The data
- Opening Delimiter -
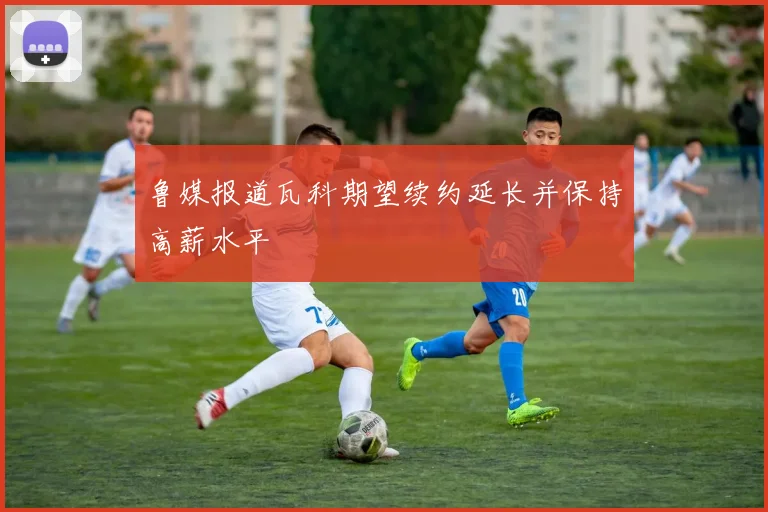 鲁媒报道瓦科期望续约延长并保持高薪水平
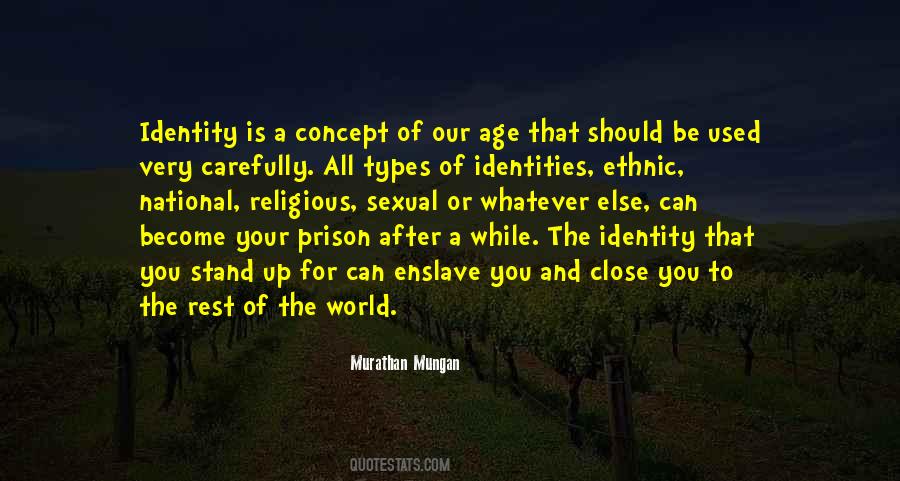Quotes About Identities #1671759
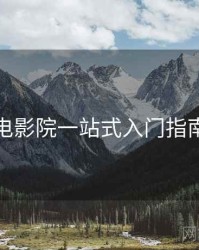 神马电影院一站式入门指南步骤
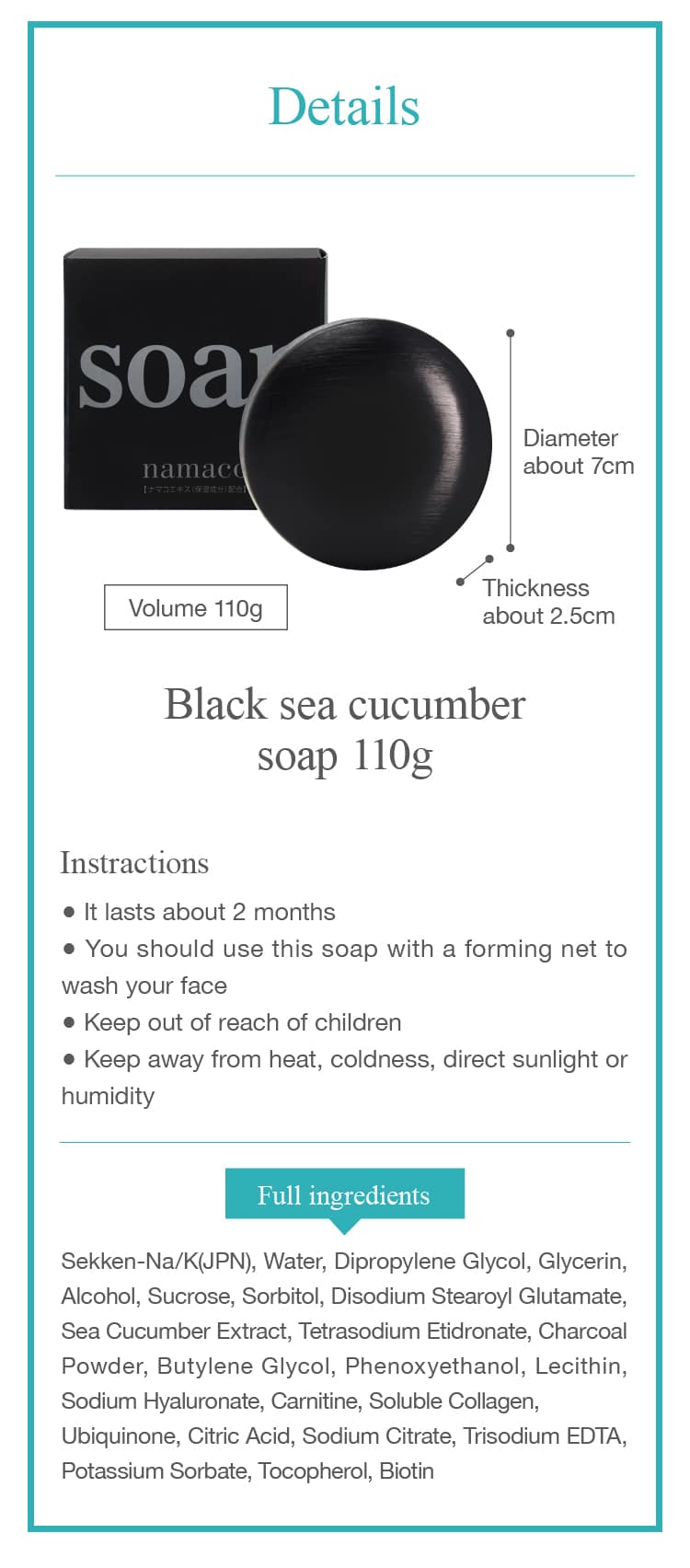 The dimensions of the black sea cucumber soap 110g are Diameter about 7cm, Thickness about 2.5cm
- Closing Delimiter -
Reproduce the listing in full and exactly, excluding any pictures it holds.

 鲁媒报道瓦科期望续约延长并保持高薪水平
Quotes About Identities #1671759
 神马电影院一站式入门指南步骤
 The dimensions of the black sea cucumber soap 110g are Diameter about 7cm, Thickness about 2.5cm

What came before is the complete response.